これで、ATC に IFR クリアランスを要請できるようになりました。
DP と STAR
Flight Simulator では、公表されている DP (出発手順、Departure Procedure) や STAR (Standard Terminal Arrival Route) を含むルートについては、管制許可は出されず、要請することもできません。ただし、フライト プランナー ファイルでウェイポイントをカスタマイズすれば、このようなルートも作成できます (詳細については、「フライト プランナーの使用法」を参照してください)。ATC からは、DP や STAR を除いて “申請どおり” にフライトを許可したことが伝えられます。
高度変更の要請
IFR フライト プランに従って飛行しているときに、巡航高度の変更を要請することができます。ただし、ATC から上昇または降下の指示が出ているときは、高度変更を要請するオプションは [ATC] メニューには表示されません。
IFR のキャンセル
何らかの理由でフライト中に IFR をキャンセルしたい場合は、キャンセルすることができます。IFR 飛行のほとんどの段階で、[IFRをキャンセル] がメニューのオプションとして表示されます。この項目を選択したときは、IFR フライト プランをキャンセルするかどうかの確認が要求されます。これは、誤ってキャンセルすることを避けるためです。

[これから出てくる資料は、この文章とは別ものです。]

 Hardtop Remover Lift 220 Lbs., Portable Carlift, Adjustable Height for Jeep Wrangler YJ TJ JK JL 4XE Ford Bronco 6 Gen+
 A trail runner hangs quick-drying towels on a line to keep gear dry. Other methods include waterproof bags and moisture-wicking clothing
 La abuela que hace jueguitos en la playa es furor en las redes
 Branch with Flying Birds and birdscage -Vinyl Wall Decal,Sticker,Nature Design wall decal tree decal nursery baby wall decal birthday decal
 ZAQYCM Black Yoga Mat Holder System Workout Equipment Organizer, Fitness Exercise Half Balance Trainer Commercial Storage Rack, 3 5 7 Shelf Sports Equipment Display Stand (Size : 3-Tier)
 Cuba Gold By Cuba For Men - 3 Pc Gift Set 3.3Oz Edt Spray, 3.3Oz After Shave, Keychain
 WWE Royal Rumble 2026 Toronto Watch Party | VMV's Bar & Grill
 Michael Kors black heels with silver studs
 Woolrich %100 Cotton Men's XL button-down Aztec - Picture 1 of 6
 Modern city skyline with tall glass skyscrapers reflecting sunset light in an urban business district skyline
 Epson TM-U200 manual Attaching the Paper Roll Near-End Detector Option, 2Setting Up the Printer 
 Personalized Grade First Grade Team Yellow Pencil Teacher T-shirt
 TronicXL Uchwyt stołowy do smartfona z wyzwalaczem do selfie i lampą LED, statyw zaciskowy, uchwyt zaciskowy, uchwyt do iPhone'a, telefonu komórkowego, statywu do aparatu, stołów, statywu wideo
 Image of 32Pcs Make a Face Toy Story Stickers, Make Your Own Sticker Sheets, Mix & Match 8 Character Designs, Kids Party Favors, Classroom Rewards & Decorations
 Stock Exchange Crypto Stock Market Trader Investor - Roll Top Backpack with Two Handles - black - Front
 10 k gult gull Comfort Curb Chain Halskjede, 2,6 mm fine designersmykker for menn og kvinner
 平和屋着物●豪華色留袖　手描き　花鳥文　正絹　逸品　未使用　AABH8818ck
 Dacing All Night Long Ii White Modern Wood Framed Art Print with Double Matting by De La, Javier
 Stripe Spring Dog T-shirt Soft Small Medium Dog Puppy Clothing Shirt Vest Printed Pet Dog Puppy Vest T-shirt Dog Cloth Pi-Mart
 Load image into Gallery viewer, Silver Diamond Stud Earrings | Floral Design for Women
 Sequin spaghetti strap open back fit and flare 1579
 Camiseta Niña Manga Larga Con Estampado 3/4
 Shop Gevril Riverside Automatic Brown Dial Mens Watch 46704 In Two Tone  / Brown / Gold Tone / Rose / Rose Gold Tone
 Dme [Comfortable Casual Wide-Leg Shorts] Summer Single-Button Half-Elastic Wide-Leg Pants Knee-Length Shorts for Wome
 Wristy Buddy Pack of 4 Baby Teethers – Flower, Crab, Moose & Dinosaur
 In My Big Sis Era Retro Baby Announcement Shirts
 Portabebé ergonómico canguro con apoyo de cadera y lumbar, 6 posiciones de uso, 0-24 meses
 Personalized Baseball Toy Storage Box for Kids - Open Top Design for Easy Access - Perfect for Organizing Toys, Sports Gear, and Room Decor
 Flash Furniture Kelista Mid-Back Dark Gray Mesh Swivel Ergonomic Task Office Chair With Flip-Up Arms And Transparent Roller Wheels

滑走路に向かう途中で IFR をキャンセルした場合は、滑走路までタキシングして VFR による出発をタワーに要請するように ATC から指示されます。高度 18,000 フィート以上を飛行中に IFR をキャンセルした場合、実際には 18,000 フィート以下まで降下するように指示されますが、Flight Simulator ではこの指示は出されません。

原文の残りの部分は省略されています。